◆ Records for the task ◆
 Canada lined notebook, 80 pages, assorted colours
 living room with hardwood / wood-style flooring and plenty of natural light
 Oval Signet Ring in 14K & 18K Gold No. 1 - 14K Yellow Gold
---
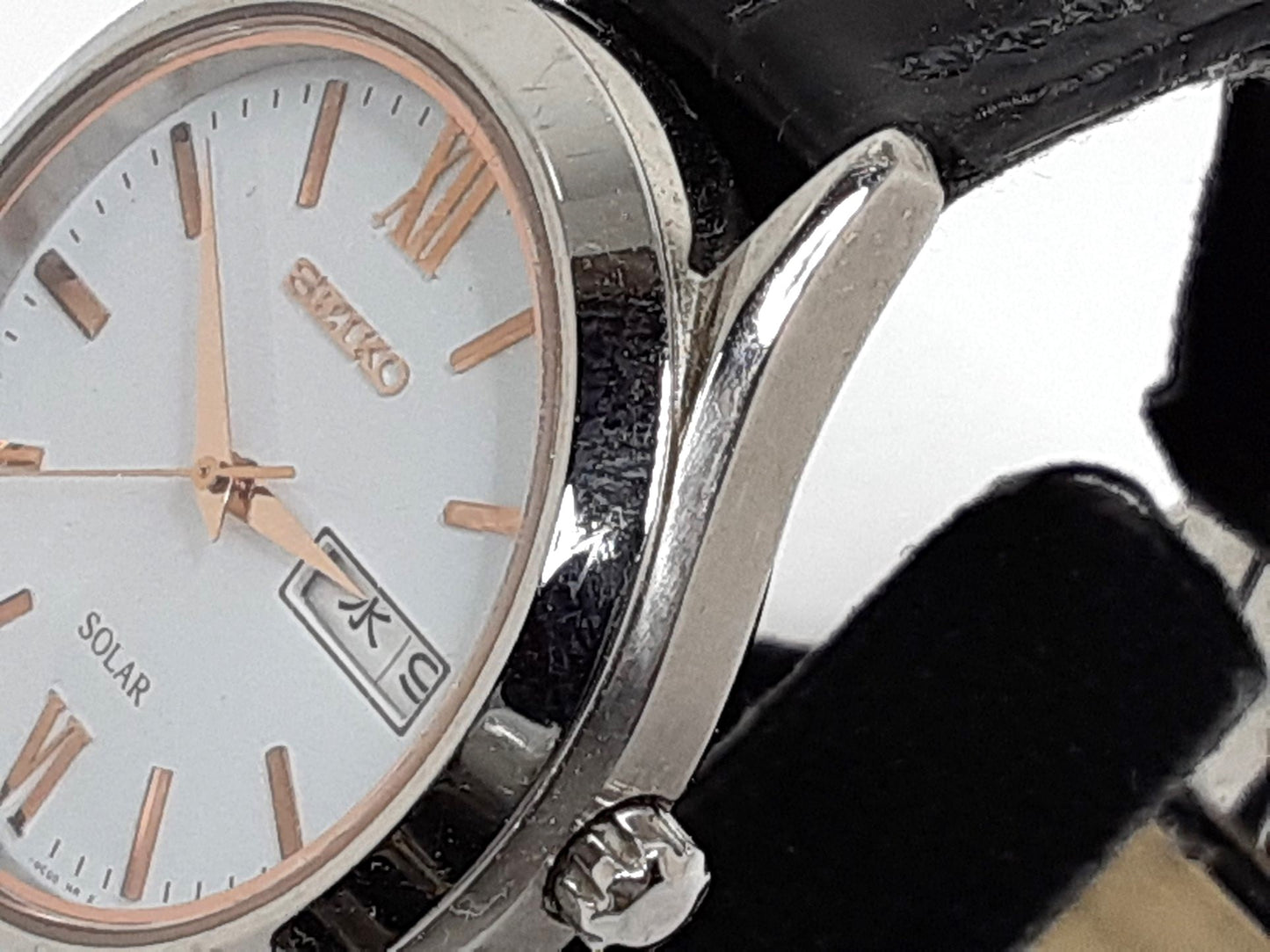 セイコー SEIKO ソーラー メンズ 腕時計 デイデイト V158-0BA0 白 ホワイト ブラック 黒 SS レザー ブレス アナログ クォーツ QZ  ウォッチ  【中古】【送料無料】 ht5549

◆ What is required ◆
Look through the material above and print exactly the lines from the one containing "Canada lined notebook, 80" to the one containing "Oval Signet Ring", both included, and nothing more.

◆ Task solution ◆
 Canada lined notebook, 80 pages, assorted colours
 living room with hardwood / wood-style flooring and plenty of natural light
 Oval Signet Ring in 14K & 18K Gold No. 1 - 14K Yellow Gold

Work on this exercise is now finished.